I just got Stevie Wonder’s Innervisions the other day. Yeah, I know, where have I been the past 31 years. Well I was waiting for it to come out on CD. That accounts for at least 15 years or so.
Anyway, in the song Living For The City, he’s obviously singing about a black family. Why then the lyric,
His sister’s black, but she is sho’ nuff pretty.
What else would she be but black? Or is it a perhaps a reference to being darker in complexion?
With that out of the way, I can’t say enough what an awesome, awesome disc this is. I think my tastes have grown over the years and I especially love the jazz feel that it has without sacrificing the emotion. I’m looking forward to getting SW’s other five-star efforts from the 1970s, now.
Just to experience this more in context, the full refrain goes like this:
So we’re hearing commentary on 1) ethnicity 2) facial features 3) body type 4) fashion sense 5) socio-economic status 6) hygiene and 7) ambition all within the context of “living in the city.”
Personally, I think the “black but… pretty” comment is more of a cultural and racial comment than one of skin tone per se… if only because of the songwriter.

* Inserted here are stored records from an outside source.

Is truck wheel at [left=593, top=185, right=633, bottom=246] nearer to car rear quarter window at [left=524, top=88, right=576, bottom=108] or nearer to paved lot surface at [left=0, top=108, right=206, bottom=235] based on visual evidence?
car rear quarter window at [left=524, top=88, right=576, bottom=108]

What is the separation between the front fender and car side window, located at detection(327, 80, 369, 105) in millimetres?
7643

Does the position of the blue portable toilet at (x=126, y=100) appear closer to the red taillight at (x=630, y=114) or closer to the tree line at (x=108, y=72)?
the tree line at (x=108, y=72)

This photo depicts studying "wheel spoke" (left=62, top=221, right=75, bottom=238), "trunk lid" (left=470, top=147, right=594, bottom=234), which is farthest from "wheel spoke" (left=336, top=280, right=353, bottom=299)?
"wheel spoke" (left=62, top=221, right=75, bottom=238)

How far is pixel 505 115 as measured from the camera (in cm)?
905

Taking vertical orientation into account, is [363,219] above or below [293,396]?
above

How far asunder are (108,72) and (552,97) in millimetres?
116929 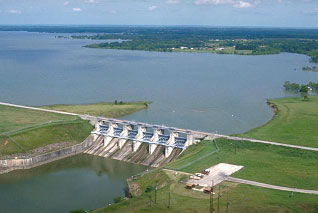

Stevie is blind. What does he care how dark a black woman is?
One reason I might be wrong: The prevelant attitude among many blacks, especially in the 70s and earlier, in the that a DARK-SKINNED black woman doesn’t have an easy life or a lot of options.
Granted, African-American attitudes about beauty in black women have evolved away from the “high toned woman” standard to include all kinds of skin tones and body types since the 70’s, but Stevie’s lyrics never really made an issue of skin tone before or sense. (“Jungle Fever” soundtrack aside)
Good catch, incidentally, Spectre of Pithecanthropus.
Stevie may be blind but that can’t have prevented him from being aware of the concerns of being black, as amply demonstrated in the spoken bust-and-conviction interlude that comes later in the song. (I don’t think that part made it to radio, it was probably too controversial at the time.) Spike Lee, in School Daze, did make reference to the issues of “darkness” so I know it can be an issue.
I grant you both that the lyric is open, somewhat, to interpretation.
Black = dark-skinned was not the only interpretation a listener could grasp when this song was penned, in the height of the Black Power Movement, during the American cultural transfiguration from “Negro” to “Black” as the description of vogue. Nor was black=dark-skinned the prevelant view among young blacks.
Stevie could’ve sung “His sister’s dark” and his meaning would be plain --if me meant only skin tone. “Black”, in the context of that whole passage speaks to ethnicity, self-identification and cultural awareness as well.
But you know. 50% of one, one half of the other. Perhaps both our interpretations are correct.